▶ _Your goal_
No pictures, please: print exactly the lines from the one that contains "Heptacodium miconioides 125–150" through the last line of the listing.

▶ _Extracted records_
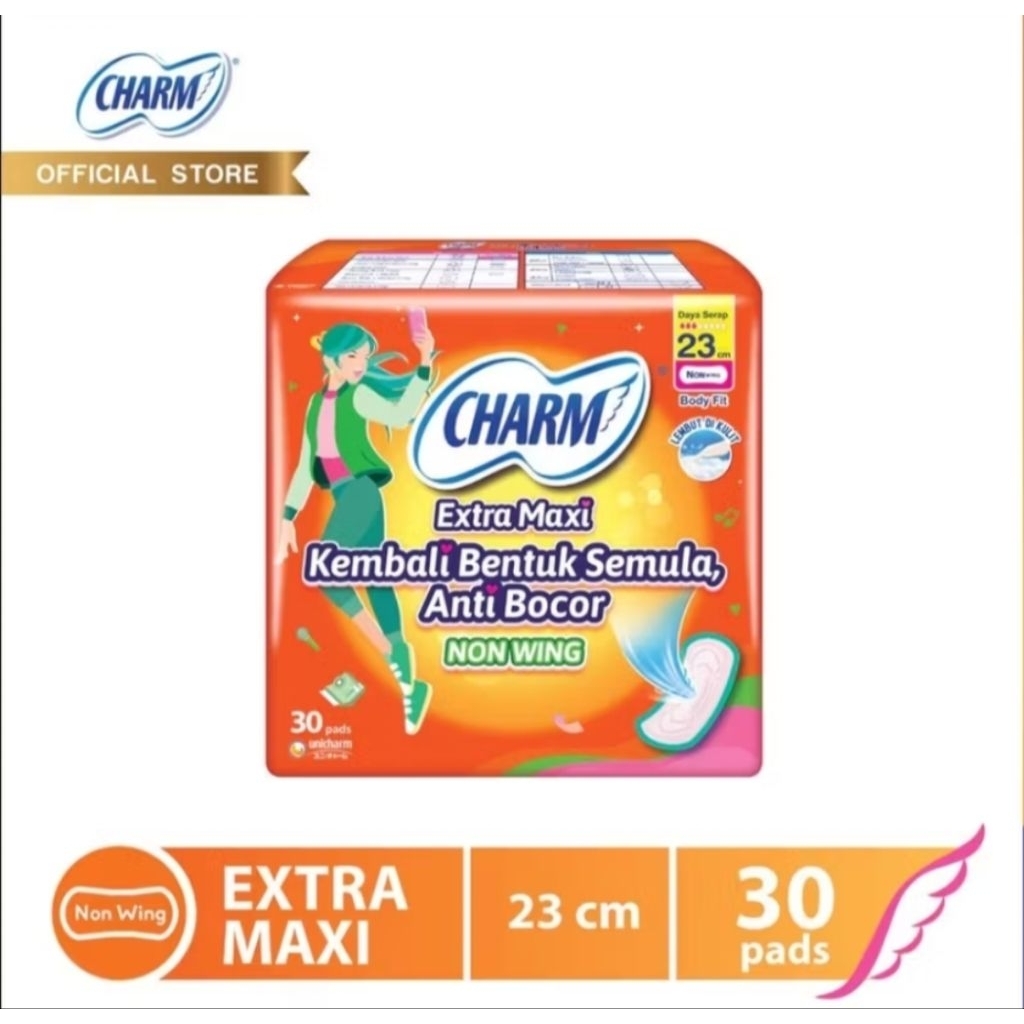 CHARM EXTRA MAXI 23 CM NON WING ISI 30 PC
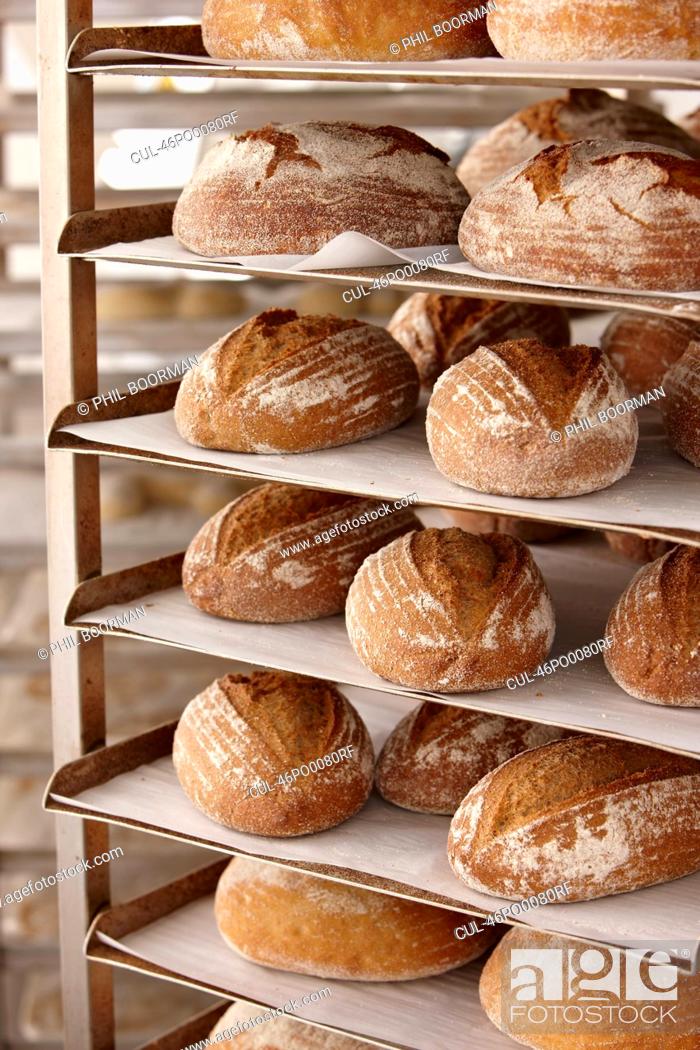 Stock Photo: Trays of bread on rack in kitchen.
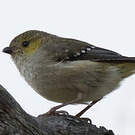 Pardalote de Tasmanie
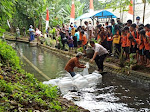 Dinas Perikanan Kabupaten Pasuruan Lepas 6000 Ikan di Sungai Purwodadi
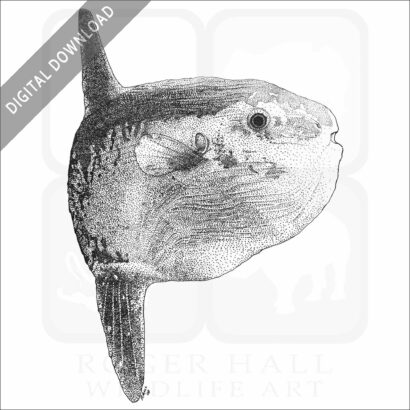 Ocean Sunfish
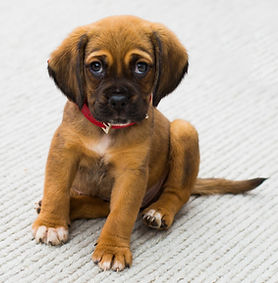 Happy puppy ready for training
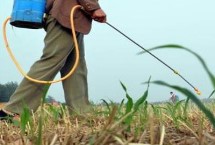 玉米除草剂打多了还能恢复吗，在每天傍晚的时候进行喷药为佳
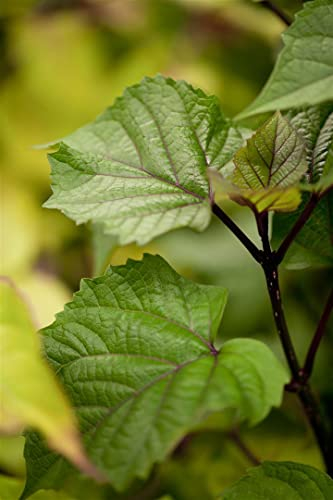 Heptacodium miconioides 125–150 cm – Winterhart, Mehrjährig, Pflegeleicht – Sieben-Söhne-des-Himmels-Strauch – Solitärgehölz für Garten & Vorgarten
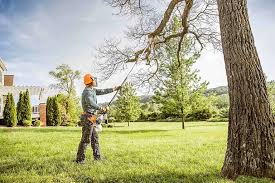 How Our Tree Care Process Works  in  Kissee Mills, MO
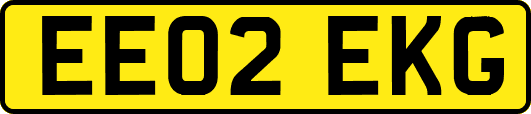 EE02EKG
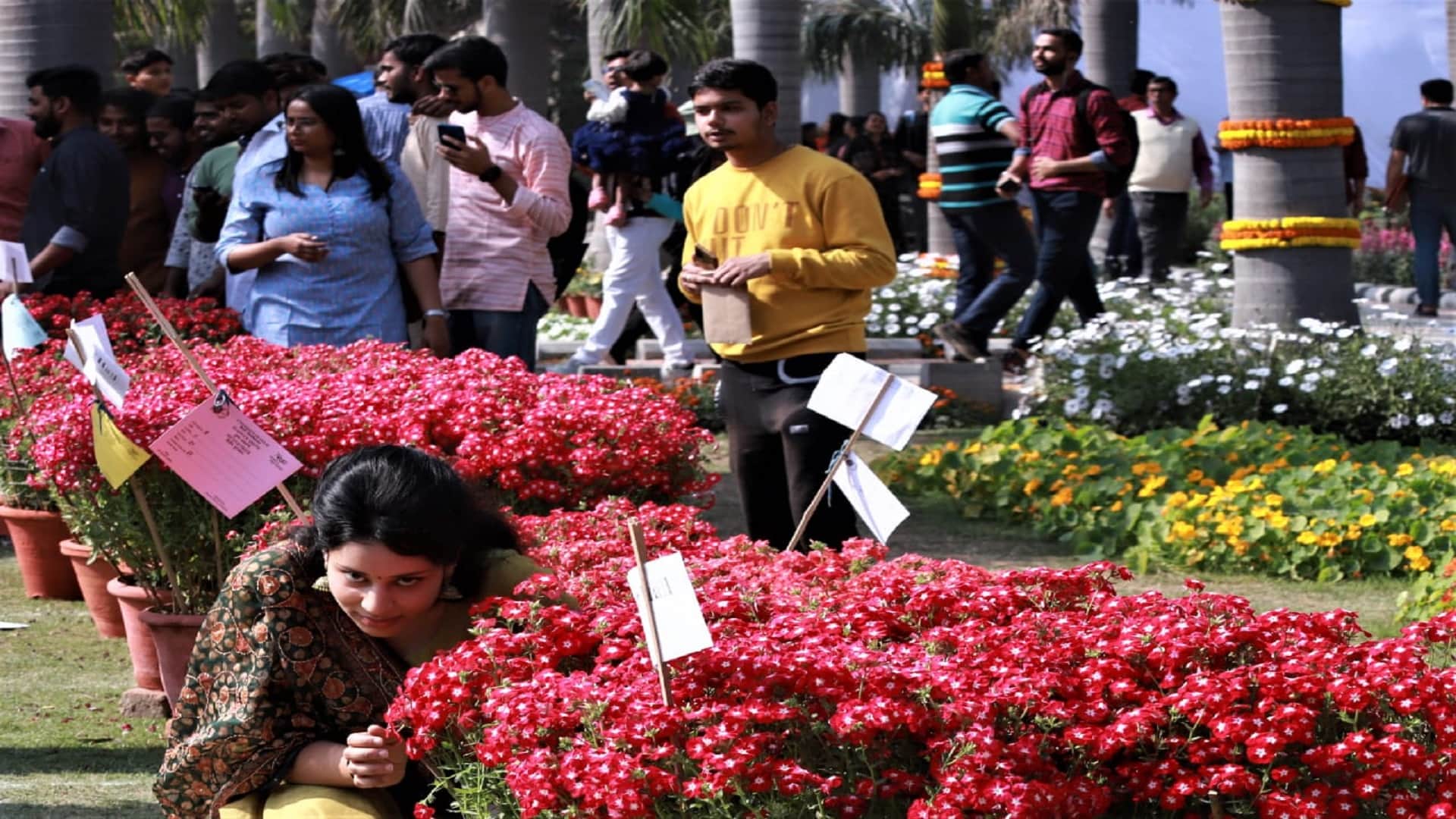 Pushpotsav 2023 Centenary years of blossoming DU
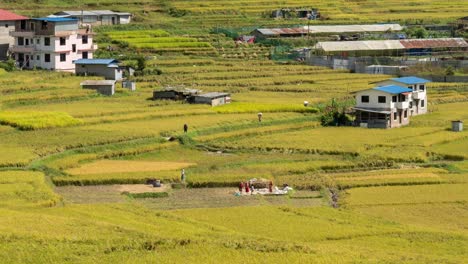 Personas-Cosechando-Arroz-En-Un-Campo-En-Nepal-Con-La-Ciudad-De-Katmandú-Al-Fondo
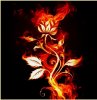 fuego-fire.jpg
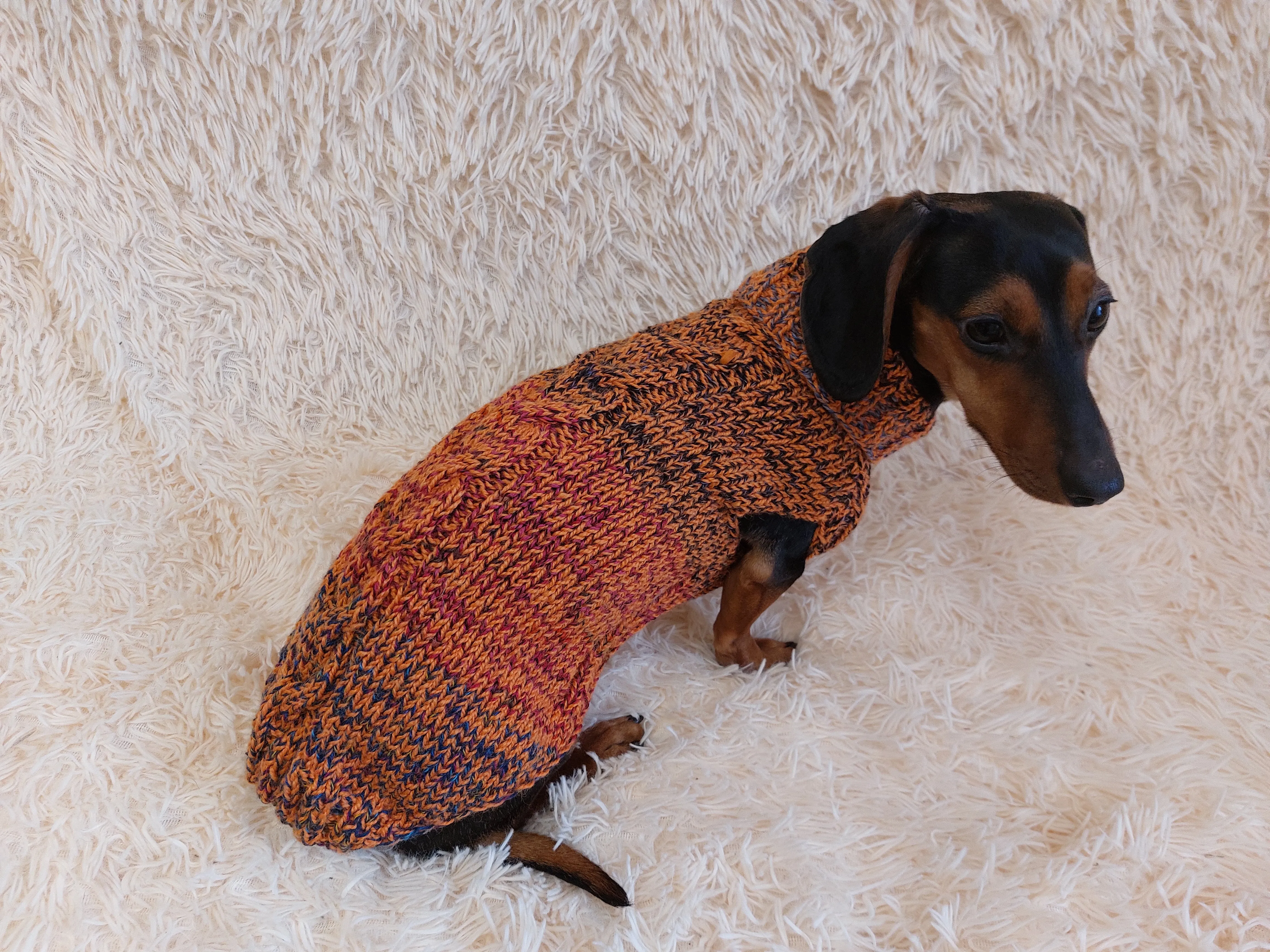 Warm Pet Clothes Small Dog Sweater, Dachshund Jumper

▶ _The completed task_
 Heptacodium miconioides 125–150 cm – Winterhart, Mehrjährig, Pflegeleicht – Sieben-Söhne-des-Himmels-Strauch – Solitärgehölz für Garten & Vorgarten
 How Our Tree Care Process Works  in  Kissee Mills, MO
 EE02EKG
 Pushpotsav 2023 Centenary years of blossoming DU
 Personas-Cosechando-Arroz-En-Un-Campo-En-Nepal-Con-La-Ciudad-De-Katmandú-Al-Fondo
 fuego-fire.jpg
 Warm Pet Clothes Small Dog Sweater, Dachshund Jumper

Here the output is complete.